Using the approximation $C \approx \frac{\Lambda}{u}\cdot\frac{c}{r}$ from Section 1, explain in words why a single-node trick that doubles throughput $r$ and a single-node trick that halves the per-node price $c$ have the same effect on fleet cost, yet differ in their effect on the node count $N$. Then state which of the two you would prefer if your accelerator supply were constrained (you cannot easily rent more nodes), and which you would prefer if your accelerators were plentiful but expensive. Justify each choice from the two formulas alone.
Extend Code 22.1.1 with a fourth scenario that applies both levers at once: a node whose throughput is doubled and whose per-node price is cut by 35%. Report its node count and monthly bill, and compute the combined percentage saving against the baseline. Verify numerically that the two factors compose multiplicatively on cost (not additively), and explain from $C = N \cdot c$ why the savings multiply. Then add a fifth scenario in which the throughput gain is only 1.4x (a more typical quantization result) and discuss how the fleet decision changes when the per-node win is real but modest.
Section 3 argued that single-node autoregressive decoding is usually memory-bound.

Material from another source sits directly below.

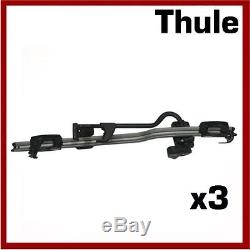 Thule 598 ProRide Triple Pack Roof Mount Cycle / Bike Carriers
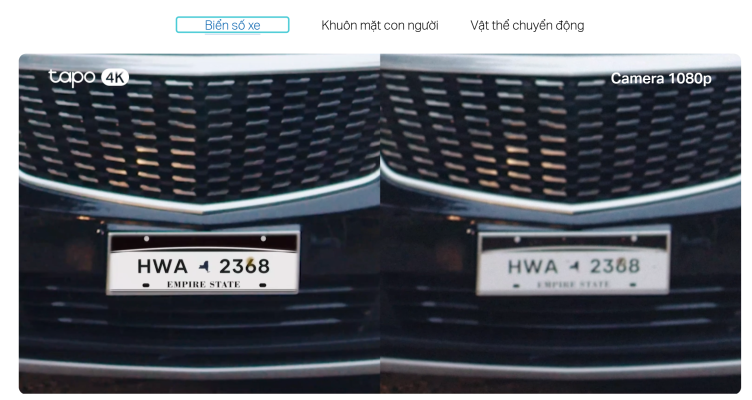 Camera wifi ngoai troi tapo sieu net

Suppose a replica must stream $W$ bytes of weights plus a per-request KV cache to generate each token, its accelerator has a memory bandwidth of $B$ bytes per second and a peak compute of $F$ floating-point operations per second, and generating one token costs $2P$ operations for a model of $P$ parameters. Write the arithmetic intensity of single-token decoding at batch size one, and use the roofline of Section 3.7 to argue whether bandwidth or compute binds. Then explain, in terms of the roofline, why raising the batch size (Section 22.7) and quantizing the weights (Section 22.2) move the operating point in opposite directions along the two axes, and why both can still raise throughput per dollar.